Today’s hybrid IT infrastructure comprises a mix of many stable on-premise and fast moving on-cloud elements: services that use fast-moving components such as micro services, (lambda) functions, and scaling compute power as needed. While this agility helps with bringing innovation to production much faster, this can often create a chaotic environment for IT operations teams. When it comes to IT services, a small component collapsing at a strategic location can cause major havoc. Often times, the failure of even the smallest of components can cause a complete business service outage. For a business service to operate flawlessly, all the components in multiple cloud/data center (DC) locations need to be monitored, managed, alerted, maintained, and acted upon in real time. However, that can lead to data overload.
“It won’t happen to me” syndrome
Many CIOs think such an outlier of disaster will never happen to them. However, a quick look at downdetector.com shows that enterprises big and small have all had major and frequent IT outages. Let’s take a closer look at two major incidents that cost enterprises dearly in the last few years.
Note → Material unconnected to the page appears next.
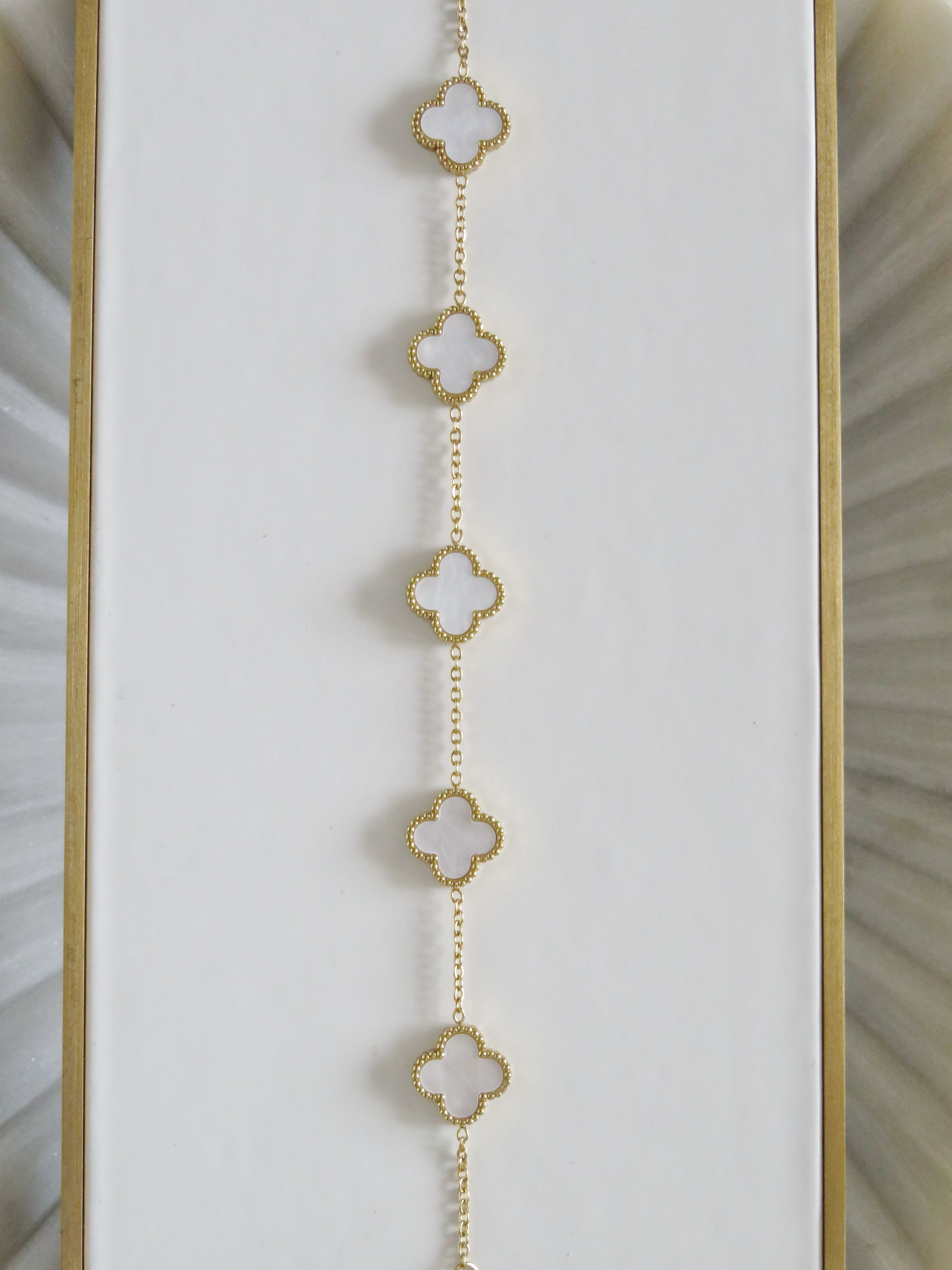 Luck Intention -Pearl Shell Clover Bracelet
In July 2016, when a critical router failed at a Southwest airline data center, it resulted in 2300 canceled flights, almost 10% of their weekly flights, costing the airline nearly $60 million in lost revenue. The outage was fixed in about 12 hours, and the IT Ops crew had the airline systems up and running. However, that was only the IT side of the recovery; it left a mess of thousands of stranded passengers, crews, and planes all in the wrong places. It took weeks for the airline operations to return to normal. All this had been caused by a failed router. The original outage was said to be because of an overheated power supply. Those components were probably monitored, and the alerts were almost certainly buried along with many hundreds of thousands of alerts they had received around that time when the disaster occurred.
In 2015, the NY stock exchange had a major outage that lasted nearly 4 hours. It cost them an estimated $42 million in lost revenue. They also were fined $14 million by the federal regulators because the outage crippled the NYSE trading floor. This was caused by a connectivity issue involving two network gateways not communicating with each other after a software update.
These are just two examples of an alarming rate of IT operations failures in the recent past. Every year, IT downtime costs an estimated $26.5 billion in lost revenue.
While the associated estimated cost is mostly in revenue loss, the damage to the brand reputation can be even higher, especially in highly-competitive industries; customer churn can be high because of these incidents. What is worse, after fixing the current issue, enterprises often fail to implement preventive measures so that such disasters might be avoided in the future.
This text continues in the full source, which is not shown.